Rain would not impact the magical postseason run of the Kansas City Royals, who won another nailbiter to take a 3-0 lead over the Baltimore Orioles in the American League Championship Series.

This is the 34th time a team has been up 3-0 in a best-of-seven postseason series. Thirty-two of the previous 33 won, the exception being the 2004 New York Yankees, who lost to the Boston Red Sox in the ALCS.

Another Royals player comes through late

Billy Butler became the latest Royals player to come through with a big at-bat late in a game. His sacrifice fly against Kevin Gausman plated the run that put the Royals ahead for good.

Most players with go-ahead RBI,
sixth inning or later, single postseason

Six different Royals have had a go-ahead RBI in the sixth inning or later this postseason. Only one team has had more such players come through that late in a game, the 1995 Atlanta Braves, who had nine on their way to winning the World Series.

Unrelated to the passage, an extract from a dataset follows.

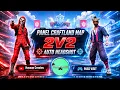 FreeFire 2v2 panel headshot craftland map Auto headshot panel craftland no id ban Map code Pass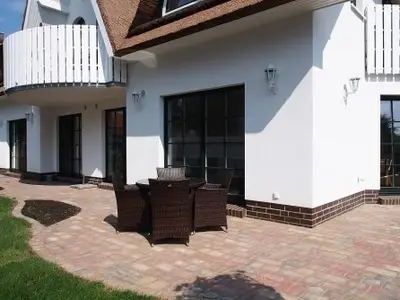 Ferienwohnung für 4 Personen (58 m²) in Zingst 2/10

Five of those six (Butler, Eric Hosmer, Alex Gordon, Mike Moustakas and Salvador Perez) are homegrown players. Alcides Escobar is the only one who isn't.

Defense wins, again

Mike Moustakas went over the dugout railing to snag a foul ball hit by Orioles slugger Adam Jones, adding to the long list of Royals defensive wizardry this postseason.

The Royals had a major league-best 40 Web Gems during the regular season, though Moustakas only had two of them. He does have 18 Web Gems over the past three seasons, tied with, among others, Mike Trout for 12th-most in that span. (Moustakas’ teammate Alcides Escobar has the most with 38.)

As does a great bullpen

The Royals bullpen continued its phenomenal work this postseason with four pitchers each retiring the side in order in a scoreless inning of work.

Royals relievers have combined for a 1.11 ERA in 24 1/3 innings in the division series and championship series.

Kelvin Herrera, Wade Davis and Greg Holland are this generation’s incarnation of the Nasty Boys (the 1990 Cincinnati Reds bullpen of Norm Charlton, Rob Dibble and Randy Myers). They’ve now combined for 11 innings of one-run, five-hit ball in the ALCS.

In Game 3, the Royals pitchers allowed only three hits in total. That matched the fewest allowed in a postseason game in Royals history. They allowed three in a 1-0 loss to the Detroit Tigers in Game 3 of the 1984 ALCS.

Such a tight postseason

The playoffs have been tension-filled and tight throughout. Of the 216 innings of postseason play, the score has been tied or within one run after 144 of them (67 percent).

Thirteen of the 22 games have been decided by one run (59 percent). The highest percentage of one-run games in a postseason in the wild-card era is only 39 percent in 1995.